No matter what the numbers say, no matter what the critics think, Maddon is sticking with Scott Kazmir in his rotation. In fact, he may even move the left-hander up in the order and start him in Game 5 in Boston.
"His confidence isn't where it needs to be, but I'm not going to waver on that," Maddon said. "I'm not backing down."
Nothing will have a bigger impact on Tampa Bay's World Series dreams than the performance of the starting rotation over the next seven days. And no decision is more critical than the potential starters for Games 5, 6 and 7.
Because of the number of off days built into the ALCS schedule, there is a lot of leeway in a manager's pitching choices. There was even a time when the Rays were considering using James Shields on three days' rest in Game 4, with the idea they could bring him back rested for a potential Game 7.

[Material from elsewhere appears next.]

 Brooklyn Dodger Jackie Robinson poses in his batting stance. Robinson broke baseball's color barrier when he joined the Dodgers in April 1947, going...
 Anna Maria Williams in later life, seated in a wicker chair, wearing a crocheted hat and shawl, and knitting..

That possibility went out the window when Shields got locked in a pitcher's duel with Daisuke Matsuzaka in Game 1 on Friday night and eventually threw 100 pitches while working into the eighth inning.
So the new choice is whether to use Shields in Game 5 or hold him until Game 6.

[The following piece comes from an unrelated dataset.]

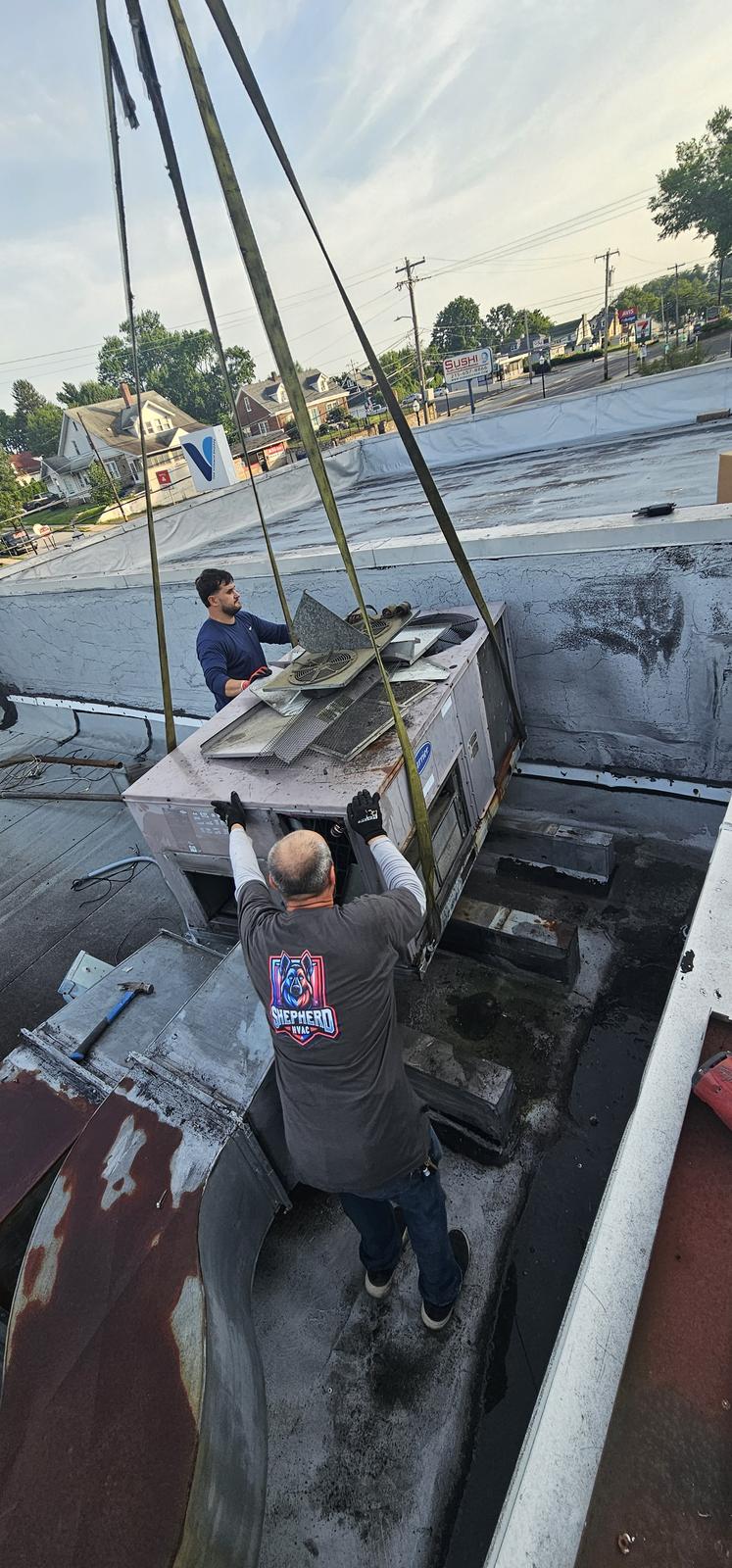 Crane lowering a packaged HVAC unit onto the roof while a Shepherd HVAC technician guides it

On the surface, it seems silly to think the Rays would delay using their most consistent starter, especially when Kazmir is the alternative.
He may be a two-time All-Star and the franchise's all-time leader in victories, but Kazmir is in a serious funk. After going 8-5 with a 2.84 ERA in the season's first few months, Kazmir is 5-3 with a 4.84 ERA since Aug. 1, including his two postseason starts.
But there are several sound reasons for going with Kazmir in Game 5. First of all, it would move Shields' next start to Tropicana Field, where he is a much better pitcher.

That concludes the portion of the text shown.